- [Exercise goal]
In the listing below, transcribe the line that contains "96491 NIS - Chłodnica" and all lines following it, ending with the last line. Add nothing.

- [Dataset section]
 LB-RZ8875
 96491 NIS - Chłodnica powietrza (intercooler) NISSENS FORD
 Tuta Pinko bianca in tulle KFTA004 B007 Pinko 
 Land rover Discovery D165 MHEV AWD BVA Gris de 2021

- [Solution to this exercise]
 96491 NIS - Chłodnica powietrza (intercooler) NISSENS FORD
 Tuta Pinko bianca in tulle KFTA004 B007 Pinko 
 Land rover Discovery D165 MHEV AWD BVA Gris de 2021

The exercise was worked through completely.